* [Your objective]: Leave out the images; return the rest of the data exactly.

* [Recorded data]:
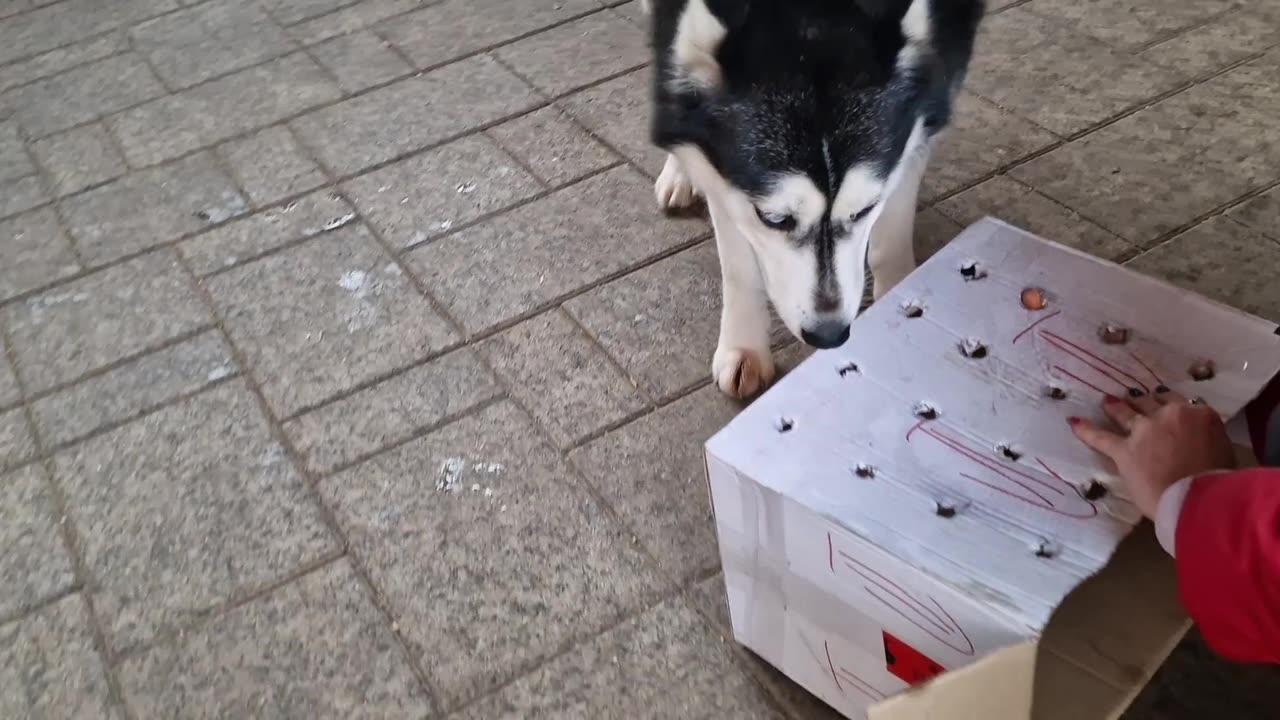 GSD Enzo & Husky Shira vs the sausage challenge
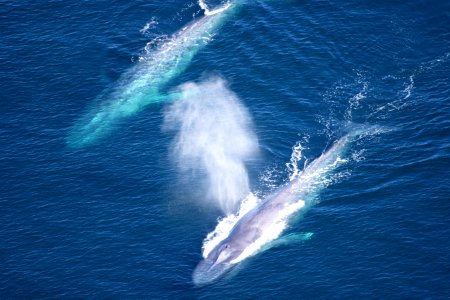 CINMS - Two Blue Whales Aerial Photo photo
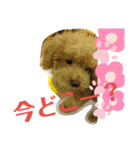 がんばれ！姫ちゃん2（個別スタンプ：21）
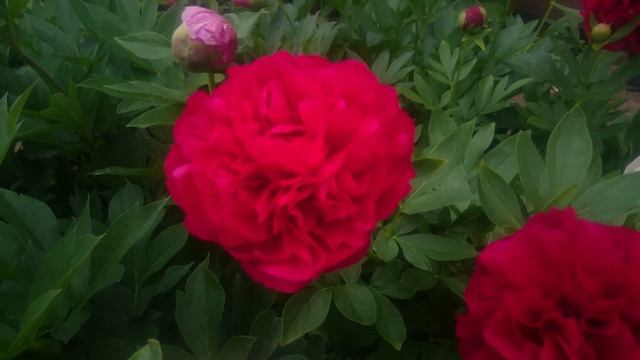 Paeonia Edgar Jessep смотреть онлайн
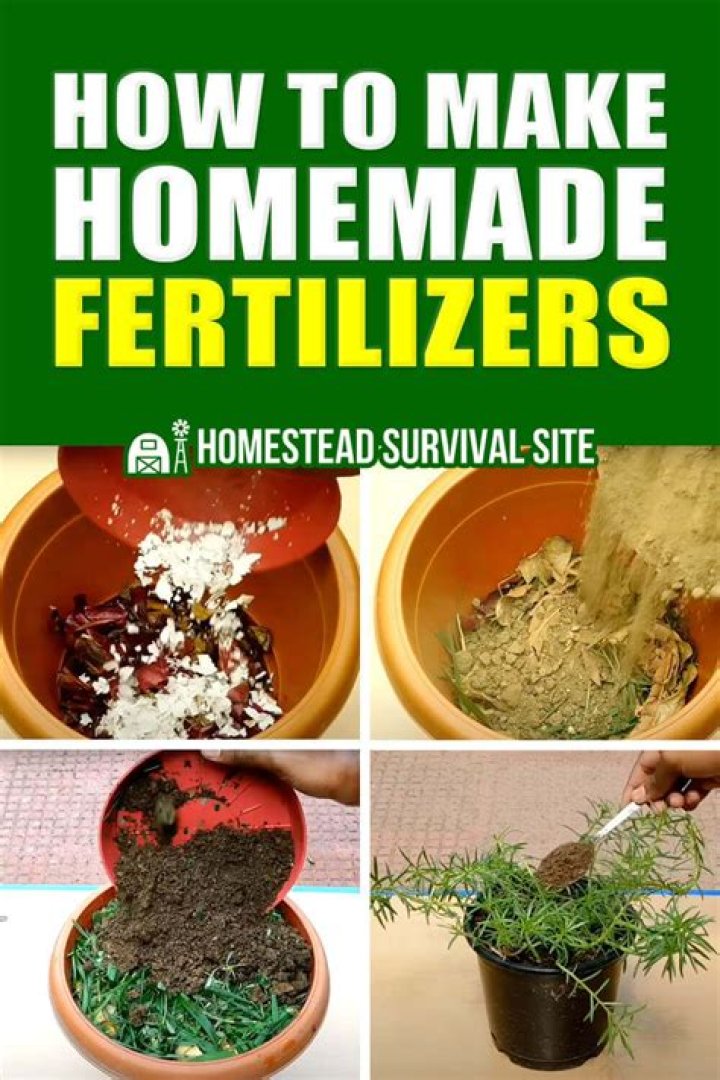 How do you make homemade fertilizer for plants?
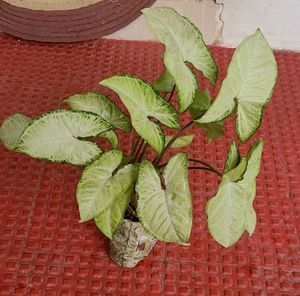 Arrowhead Plants 🪴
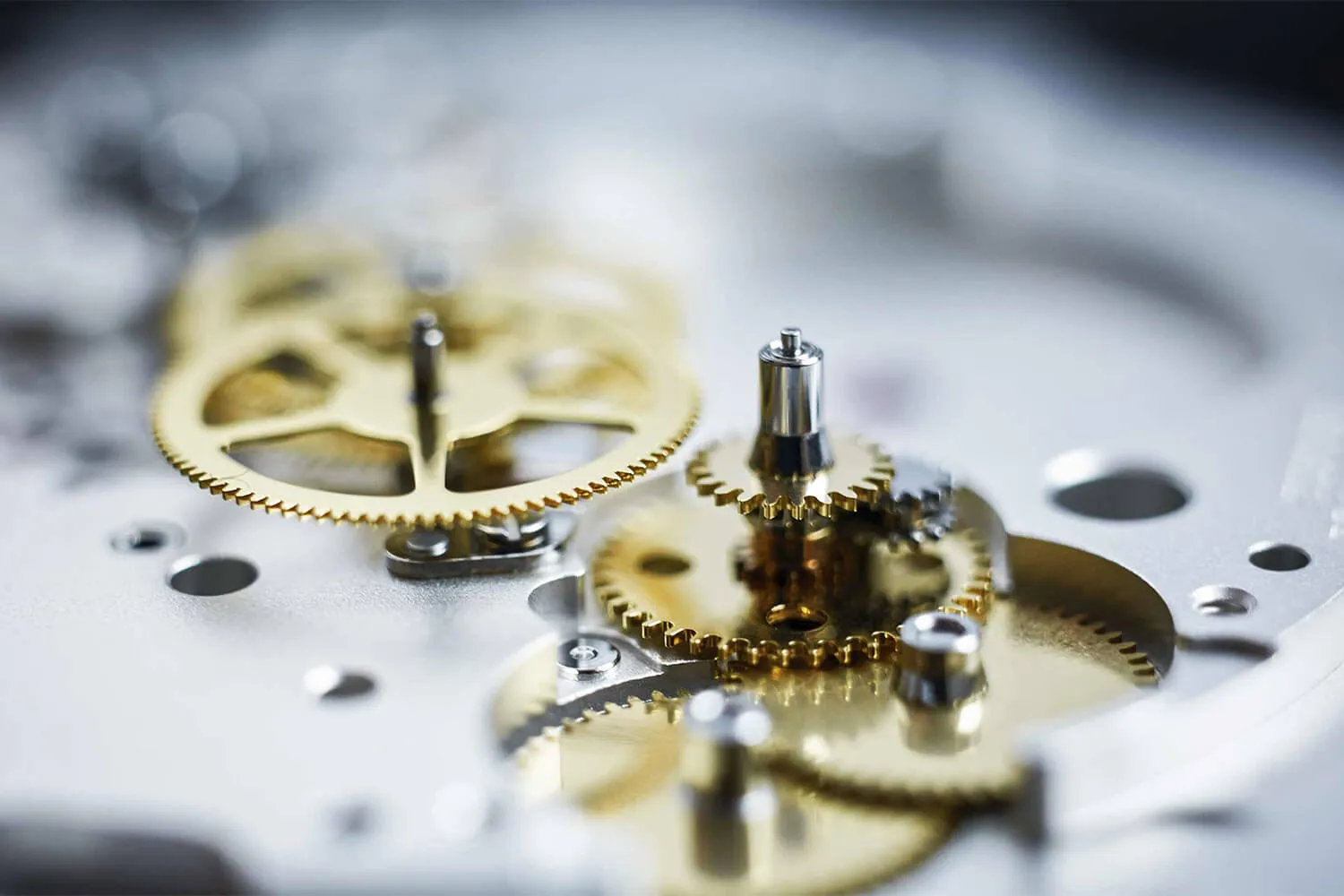 Malalan-Tudor-Watchmaking-Service-2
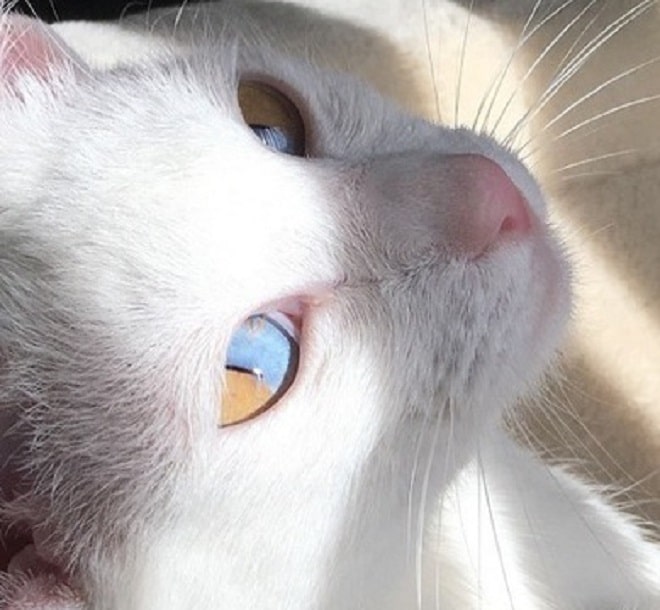 Необычная Оливка: кошка с двухцветными глазами покоряет Интернет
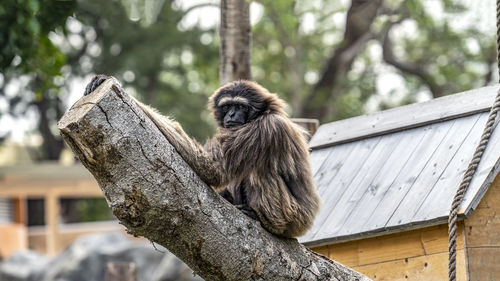 Low angle view of monkey sitting on tree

* [Solution to this problem]:
 GSD Enzo & Husky Shira vs the sausage challenge
 CINMS - Two Blue Whales Aerial Photo photo
 がんばれ！姫ちゃん2（個別スタンプ：21）
 Paeonia Edgar Jessep смотреть онлайн
 How do you make homemade fertilizer for plants?
 Arrowhead Plants 🪴
 Malalan-Tudor-Watchmaking-Service-2
 Необычная Оливка: кошка с двухцветными глазами покоряет Интернет
 Low angle view of monkey sitting on tree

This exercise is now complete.